### EXERCISE AIM
One part of the entries below is wanted: the lines from the one containing "NASA image: KSC-08pd0956" through the one containing "6006 Flora Avenue N, Lehigh Acres, FL 33971". Write those out exactly and nothing else.

(MATERIALS PROVIDED)

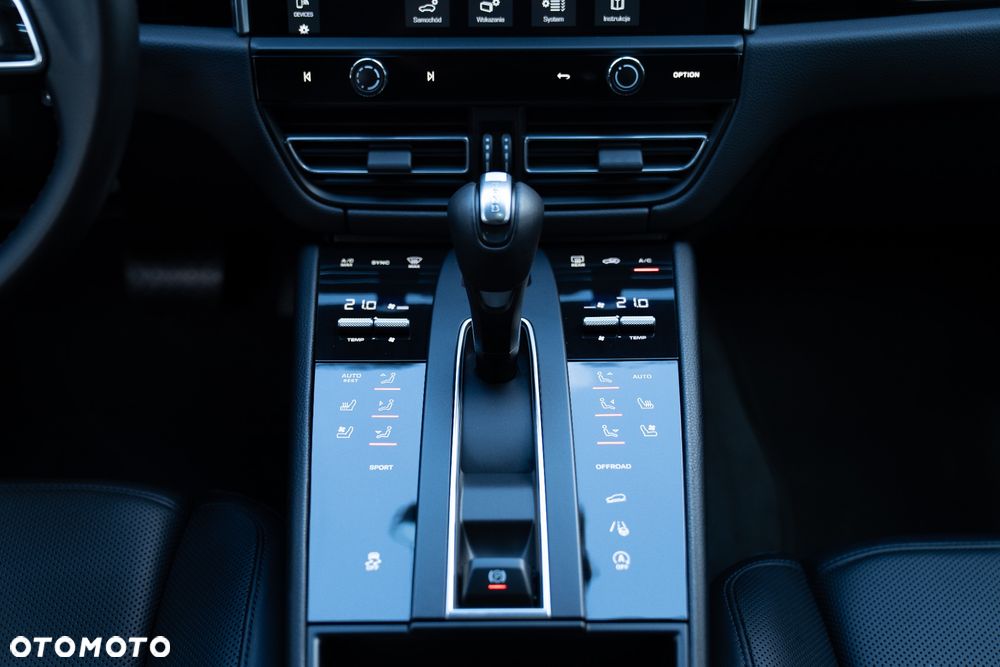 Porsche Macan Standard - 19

(End MATERIALS PROVIDED)
(MATERIALS PROVIDED)

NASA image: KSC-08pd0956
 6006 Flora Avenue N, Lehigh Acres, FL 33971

(End MATERIALS PROVIDED)

### EXERCISE ANSWER
NASA image: KSC-08pd0956
 6006 Flora Avenue N, Lehigh Acres, FL 33971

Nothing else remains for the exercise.